* Exercise details
Look through the data below for the line with "Bogota vendo oficina", and transcribe it exactly together with each line after it up to and including the line with "bokomslag Internationalization of". Give nothing else.

===== Material for this task

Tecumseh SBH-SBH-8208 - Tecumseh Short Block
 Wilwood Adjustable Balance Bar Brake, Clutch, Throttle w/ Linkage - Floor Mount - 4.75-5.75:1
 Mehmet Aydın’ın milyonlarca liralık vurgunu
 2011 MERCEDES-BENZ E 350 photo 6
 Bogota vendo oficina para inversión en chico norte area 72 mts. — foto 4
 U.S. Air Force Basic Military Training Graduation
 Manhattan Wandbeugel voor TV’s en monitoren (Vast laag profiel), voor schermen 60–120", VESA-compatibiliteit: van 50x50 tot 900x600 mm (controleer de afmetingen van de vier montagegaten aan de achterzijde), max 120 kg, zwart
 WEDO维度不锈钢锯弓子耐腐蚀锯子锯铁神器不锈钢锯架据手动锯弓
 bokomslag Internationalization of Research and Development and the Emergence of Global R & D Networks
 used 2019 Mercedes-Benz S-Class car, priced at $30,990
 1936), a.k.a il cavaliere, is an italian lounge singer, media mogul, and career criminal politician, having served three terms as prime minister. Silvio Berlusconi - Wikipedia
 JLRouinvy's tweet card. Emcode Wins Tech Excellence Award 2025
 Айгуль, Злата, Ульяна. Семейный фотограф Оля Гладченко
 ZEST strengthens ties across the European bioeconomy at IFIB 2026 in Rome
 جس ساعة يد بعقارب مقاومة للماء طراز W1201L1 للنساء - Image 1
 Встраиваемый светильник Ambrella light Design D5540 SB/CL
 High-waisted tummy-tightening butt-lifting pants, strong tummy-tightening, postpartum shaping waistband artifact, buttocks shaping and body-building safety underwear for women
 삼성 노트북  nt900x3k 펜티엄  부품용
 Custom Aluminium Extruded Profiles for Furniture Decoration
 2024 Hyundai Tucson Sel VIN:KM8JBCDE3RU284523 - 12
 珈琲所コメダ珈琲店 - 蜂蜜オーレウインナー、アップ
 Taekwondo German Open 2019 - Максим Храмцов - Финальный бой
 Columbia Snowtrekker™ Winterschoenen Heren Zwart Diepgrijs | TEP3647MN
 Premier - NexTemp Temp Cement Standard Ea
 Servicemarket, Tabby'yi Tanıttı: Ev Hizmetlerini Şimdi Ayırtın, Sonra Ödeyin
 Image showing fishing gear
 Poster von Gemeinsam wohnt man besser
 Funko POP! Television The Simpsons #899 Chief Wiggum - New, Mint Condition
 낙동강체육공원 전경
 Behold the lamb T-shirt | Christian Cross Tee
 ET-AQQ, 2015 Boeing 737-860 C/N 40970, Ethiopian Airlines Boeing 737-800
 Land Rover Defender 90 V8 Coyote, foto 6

==========

* Reply to the task
 Bogota vendo oficina para inversión en chico norte area 72 mts. — foto 4
 U.S. Air Force Basic Military Training Graduation
 Manhattan Wandbeugel voor TV’s en monitoren (Vast laag profiel), voor schermen 60–120", VESA-compatibiliteit: van 50x50 tot 900x600 mm (controleer de afmetingen van de vier montagegaten aan de achterzijde), max 120 kg, zwart
 WEDO维度不锈钢锯弓子耐腐蚀锯子锯铁神器不锈钢锯架据手动锯弓
 bokomslag Internationalization of Research and Development and the Emergence of Global R & D Networks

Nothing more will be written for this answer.